To find this signal requires “digging” through data, and removing thousands of foreground radio sources that are in the way. First up, a game of spot the difference:

How many differences did you find? Hopefully not too many, as scrolling to the right reveals a real image of radio sources on the sky (the the Murchison Widefield Array (MWA) telescope), and scrolling to the left reveals a simulation of that real data, created by the WODEN package. You can see the bright radio galaxy Fornax A in the bottom right of the image.

It may be difficult for the human eye to spot any differences, but due to small inaccuracies in the model, and affects of the Earth’s atmosphere when an observation is made, the two images will never be identical.

This makes it difficult to reliably remove the foreground radio sources while leaving the EoR signal intact.

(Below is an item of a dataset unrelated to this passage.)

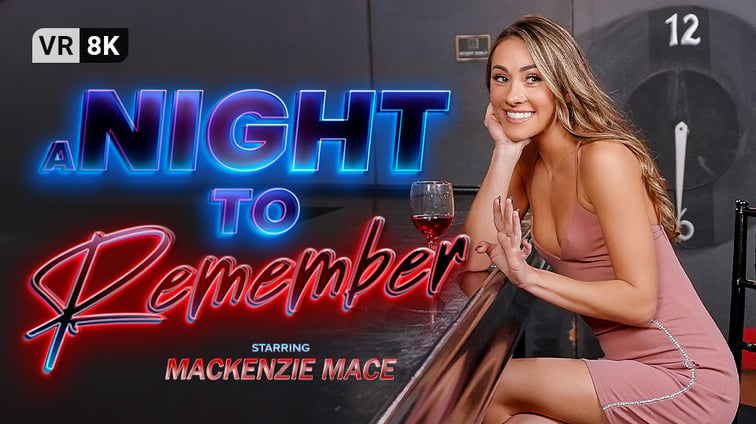 A Night To Remember with Mackenzie Mace Mackenzie Mace VR Bangers vr porn video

One method is to focus on removing the brightest 1,000 foreground objects, in a process called peeling. This process is computationally costly, so anymore objects than that and the computer says “No”. Despite that drawback, it is very accurate in removing sources because it takes the model as a guideline only, and is able to find the actual location, brightness and size of the radio source in the image, which may be different to the model for any number of reasons.

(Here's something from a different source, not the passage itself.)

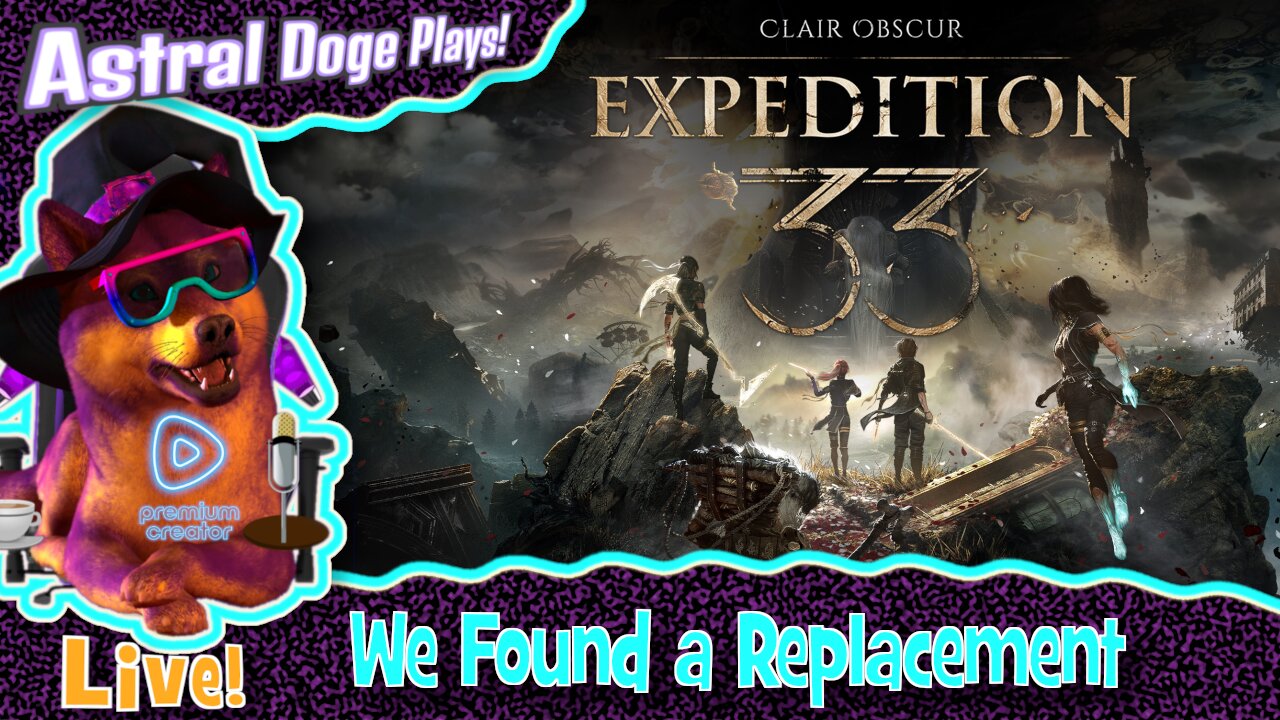 Clair Obscur: Expedition 33 ~LIVE!~ We Found a Replacement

Another way to approach it is to model many more sources and instead of spending the computational power finding exactly where those sources are in the image, to simply remove what you expect to be there. This has the benefit of removing many more radio sources with the downside that there are more inaccuracies in their removal.

The below image compares the original MWA data with what is left of the data in both processes of removing the foreground radio galaxies. Straight off there are some nasty left-overs on the right-hand source removal that look like “holes”, where the simple subtraction has failed, either due to the atmosphere messing with the image, or having a bad model for that source. However, the simple subtraction, on the left-hand source removal, has removed thousands more sources than the peel on the left. This is important, as the EoR signal is in every direction on the sky (in every pixel of this image), and so the more you can subtract the better.

Left column: MWA image. Right column: MWA image after the brightest 1000 sources have been “peeled” away, leaving many more dimmer sources behind.

The jury is still out on which approach is better for now, but that is exactly what Jack is working on finding out.